The Ahliah school is a private, coeducational school in Beirut, Lebanon.

Mary Kassab School
In 1916, when the Ottoman authorities ordered the closing of foreign schools, Mary Kassab gathered in her home sixteen boys and girls who were enrolled at the British School and pledged to ensure their continuing education. Parents began to send their children to her, which became the nucleus of Ahliah School.

The following year, sixty students were enrolled, and Mary Kassab was authorized to open a national, non-denominational and coeducational school.

With the help of her brother Aziz and two of his friends, Boulos Khawli and Anis Makdissi, she formed a board of trustees. The board raised funds from Lebanese and Arab residents and Lebanese emigrants, and were able to purchase the present campus of Ahliah from the Scottish mission.

The school embraced the new scouting movement which included all Lebanese children and Alice Abkarios at Ahliah undertook the translation of the scouting rules into Arabic.

The Mandate authorities tried to tighten their control over the school and in 1924 they ordered its closing. The students (predominantly girls) organized a rally and walked into the Government Palace to defend the cause of the school before the High Commissioner. The French authorities repealed the decision.

Al-Ahliah Girls’ College
In 1950, Mary Kassab School became Ahliah Girls’ College. Boys were admitted at the elementary level only. The second principal, Wadad Makdisi Cortas, took office in 1935.

A music academy was started, under the leadership of Alexis Boutros. Ahliah's choir represented Lebanon in many capitals of the world, with some one hundred performances on their record.

The Ford Foundation equipped the school's science laboratories as a model.

Al Ahliah School in Beirut
Situated in the heart of old Beirut, Al-Ahliah found itself at the center of battles during the Lebanese Civil War (1975–1990) and its buildings sustained heavy damage. The demography of the neighborhood changed dramatically, to include the families of the displaced. Its academic standards also suffered severely because of the departure of many of its faculty and students.

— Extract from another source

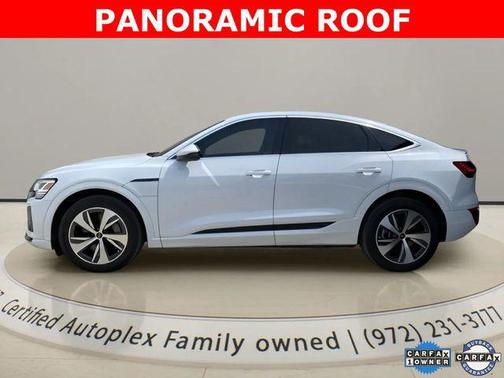 Glacier White Metallic 2024 Audi Q8 e-tron Premium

For the first and most violent two years of the war, al-Ahliah closed. It reopened in 1977, under the leadership of Mr. Nicholas Zayyat, previously a teacher of mathematics of senior classes at the school.

Throughout the war years, the main concerns of Mr. Zayyat together with other members of the school administration were to guarantee the security of students and to preserve the school's buildings and infrastructure. Unable to keep former academic standards, Mr. Zayyat was keen on continuing the humanitarian and patriotic mission of the school by providing education to the numerous severely disadvantaged students and to children of parents reduced by the war to becoming squatters in its vicinity, though often these parents were unable to pay full fees. Eventually wartime Al-Ahliah had 750 students enrolled. By this time it had become coeducational.

Despite the dangers and insecurities faced, the idea of moving the school from its historic location was repeatedly rejected by Al-Ahliah's Board of Trustees.

Post civil war improvements
After the war ended and the country settled back into peaceful times that also witnessed the rebuilding of downtown Beirut, the Board of Trustees of Al- Ahliah began reviving and modernizing its mission. A new principal, Dr. Najla Hamadeh, a graduate of the school's golden age and a member of its Board of Trustees, was appointed to execute its revival. During Hamadeh's tenure (1999–2005), Al-Ahliah accomplished the following:

 changes to the faculty and administration, which led to a considerable improvement in academic standards and services
 founding a renewed preschool that employed Montessori techniques and equipment
 refurbishing the school buildings, in accordance with Solidere criteria, together with renovation of science laboratories and preschool facilities
 closing down the French language section which had been created to satisfy war conditions and needs, in order to focus on building a strong English section, while retaining French as a strong third language
 founding an informary, two additional activity halls and a day-care for the infants of faculty and staff
 developing a center for students with psychological and educational needs and for remedial and individual academic support

Campus
The campus consists of two buildings purchased in 1916 from a Scottish mission. The buildings surround an inner courtyard, which serves as a school gathering place and offers space for sports and other activities. Ahliah's buildings were fully renovated in 2003–2004.

The main older building houses the administrative offices on the ground floor. The first floor was completely restored and includes the preschool and the resource room. The second floor has two assembly halls, the information technology lab and the iEARN conference room.

Ahliah's second building is a three-winged and three-storied structure equipped with an elevator. The infirmary and elementary school cafeteria are on the ground floor with the elementary classrooms, the teachers’ lounge and the library on the first floor. The second floor houses the middle school classrooms, the photocopy room, the Art room and the Science labs. The secondary school classrooms and teachers’ lounges, the technology lab and the dance hall are located on the third floor. The roof provides additional school-yard space for older students and a cafeteria, servicing secondary school students.